FloatingPointValue.ofDoubleUnrounded constructor

  1. @internal
FloatingPointValue.ofDoubleUnrounded(
  1. double inDouble, {
  2. required int exponentWidth,
  3. required int mantissaWidth,
})

Convert a floating point number into a FloatingPointValue representation.
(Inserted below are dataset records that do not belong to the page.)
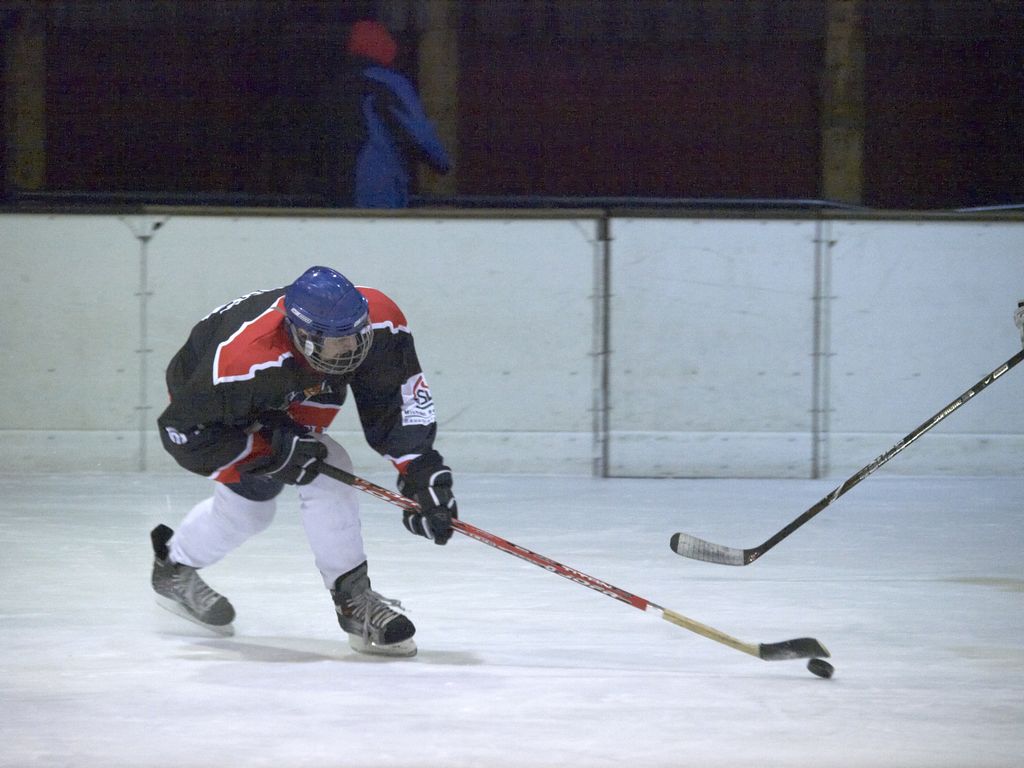 Oldstars Eisbrecher 065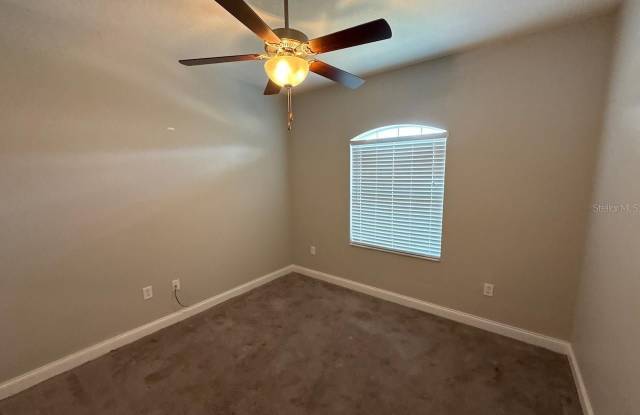 146 ELOISE OAKS DRIVE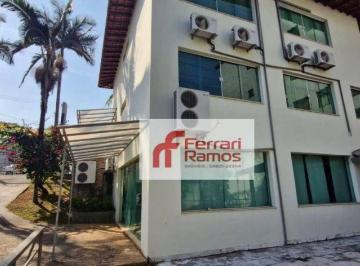 3d62d08a467f3de4468d4bd62ab19d8305e80696 · Prédio para alugar, 384 m² por R$ 19.064,00/mês - Vila Sirena - Guarulhos/SP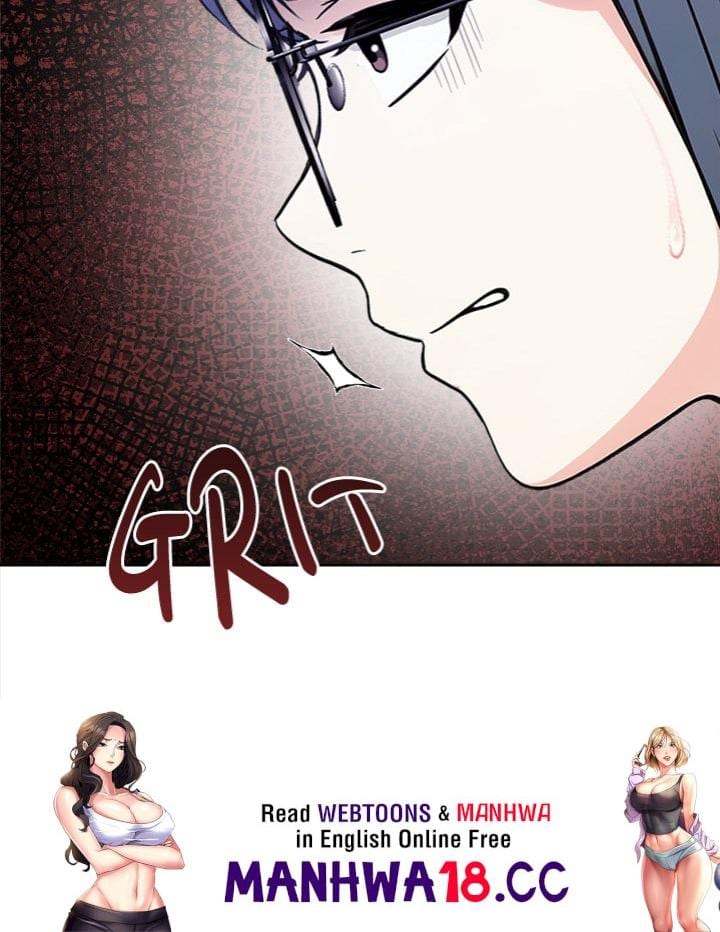 The Secret of a Girls’ Dorm Uncensored, chapter 34, page 87 of 88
This form performs NO ROUNDING.

Implementation

@internal
factory FloatingPointValue.ofDoubleUnrounded(double inDouble,
    {required int exponentWidth, required int mantissaWidth}) {
  if ((exponentWidth == 8) && (mantissaWidth == 23)) {
    return FloatingPoint32Value.ofDouble(inDouble);
  } else if ((exponentWidth == 11) && (mantissaWidth == 52)) {
    return FloatingPoint64Value.ofDouble(inDouble);
  }

  var doubleVal = inDouble;
  if (inDouble.isNaN) {
    return FloatingPointValue(
      exponent:
          LogicValue.ofInt(pow(2, exponentWidth).toInt() - 1, exponentWidth),
      mantissa: LogicValue.zero,
      sign: LogicValue.zero,
    );
  }
  LogicValue sign;
  if (inDouble < 0.0) {
    doubleVal = -doubleVal;
    sign = LogicValue.one;
  } else {
    sign = LogicValue.zero;
  }

  // If we are dealing with a really small number we need to scale it up
  var scaleToWhole = (doubleVal != 0) ? (-log(doubleVal) / log(2)).ceil() : 0;

  if (doubleVal < 1.0) {
    var myCnt = 0;
    var myVal = doubleVal;
    while (myVal % 1 != 0.0) {
      myVal = myVal * 2.0;
      myCnt++;
    }
    if (myCnt < scaleToWhole) {
      scaleToWhole = myCnt;
    }
  }

  // Scale it up to go beyond the mantissa and include the GRS bits
  final scale = mantissaWidth + scaleToWhole;
  var s = scale;

  var sVal = doubleVal;
  if (s > 0) {
    while (s > 0) {
      sVal *= 2.0;
      s = s - 1;
    }
  } else {
    sVal = doubleVal * pow(2.0, scale);
  }

  final scaledValue = BigInt.from(sVal);
  final fullLength = scaledValue.bitLength;

  var fullValue = LogicValue.ofBigInt(scaledValue, fullLength);
  var e = (fullLength > 0)
      ? fullLength - mantissaWidth - scaleToWhole
      : FloatingPointValue.computeMinExponent(exponentWidth);

  if (e <= -FloatingPointValue.computeBias(exponentWidth)) {
    fullValue = fullValue >>>
        (scaleToWhole - FloatingPointValue.computeBias(exponentWidth));
    e = -FloatingPointValue.computeBias(exponentWidth);
  } else {
    // Could be just one away from subnormal
    e -= 1;
    if (e > -FloatingPointValue.computeBias(exponentWidth)) {
      fullValue = fullValue << 1; // Chop the first '1'
    }
  }
  // We reverse so that we fit into a shorter BigInt, we keep the MSB.
  // The conversion fills leftward.
  // We reverse again after conversion.
  final exponent = LogicValue.ofInt(
      e + FloatingPointValue.computeBias(exponentWidth), exponentWidth);
  final mantissa =
      LogicValue.ofBigInt(fullValue.reversed.toBigInt(), mantissaWidth)
          .reversed;

  return FloatingPointValue(
    exponent: exponent,
    mantissa: mantissa,
    sign: sign,
  );
}